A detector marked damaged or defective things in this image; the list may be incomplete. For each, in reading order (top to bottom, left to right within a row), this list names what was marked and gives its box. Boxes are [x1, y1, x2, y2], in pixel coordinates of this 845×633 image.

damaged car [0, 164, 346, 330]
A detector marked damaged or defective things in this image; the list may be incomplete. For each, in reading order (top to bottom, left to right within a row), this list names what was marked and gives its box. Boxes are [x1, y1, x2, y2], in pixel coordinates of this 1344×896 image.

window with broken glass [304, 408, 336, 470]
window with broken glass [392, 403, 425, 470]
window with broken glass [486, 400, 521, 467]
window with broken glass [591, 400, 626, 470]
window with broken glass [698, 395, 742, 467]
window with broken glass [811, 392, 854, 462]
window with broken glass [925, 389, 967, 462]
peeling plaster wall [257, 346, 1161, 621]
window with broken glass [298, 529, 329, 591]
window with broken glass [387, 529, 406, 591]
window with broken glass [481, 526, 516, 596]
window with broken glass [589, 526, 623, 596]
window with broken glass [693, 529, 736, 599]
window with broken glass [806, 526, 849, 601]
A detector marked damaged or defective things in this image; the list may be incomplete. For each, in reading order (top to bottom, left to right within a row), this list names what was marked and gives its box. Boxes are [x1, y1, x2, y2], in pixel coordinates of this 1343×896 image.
-=-=-=-=-
ABOUT THIS EXERCISE: The whole listing above should be copied out exactly, line by line.

SOLUTION TO THIS PROBLEM:
A detector marked damaged or defective things in this image; the list may be incomplete. For each, in reading order (top to bottom, left to right within a row), this list names what was marked and gives its box. Boxes are [x1, y1, x2, y2], in pixel coordinates of this 845×633 image.

damaged car [0, 164, 346, 330]
A detector marked damaged or defective things in this image; the list may be incomplete. For each, in reading order (top to bottom, left to right within a row), this list names what was marked and gives its box. Boxes are [x1, y1, x2, y2], in pixel coordinates of this 1344×896 image.

window with broken glass [304, 408, 336, 470]
window with broken glass [392, 403, 425, 470]
window with broken glass [486, 400, 521, 467]
window with broken glass [591, 400, 626, 470]
window with broken glass [698, 395, 742, 467]
window with broken glass [811, 392, 854, 462]
window with broken glass [925, 389, 967, 462]
peeling plaster wall [257, 346, 1161, 621]
window with broken glass [298, 529, 329, 591]
window with broken glass [387, 529, 406, 591]
window with broken glass [481, 526, 516, 596]
window with broken glass [589, 526, 623, 596]
window with broken glass [693, 529, 736, 599]
window with broken glass [806, 526, 849, 601]
A detector marked damaged or defective things in this image; the list may be incomplete. For each, in reading order (top to bottom, left to right within a row), this list names what was marked and gives its box. Boxes are [x1, y1, x2, y2], in pixel coordinates of this 1343×896 image.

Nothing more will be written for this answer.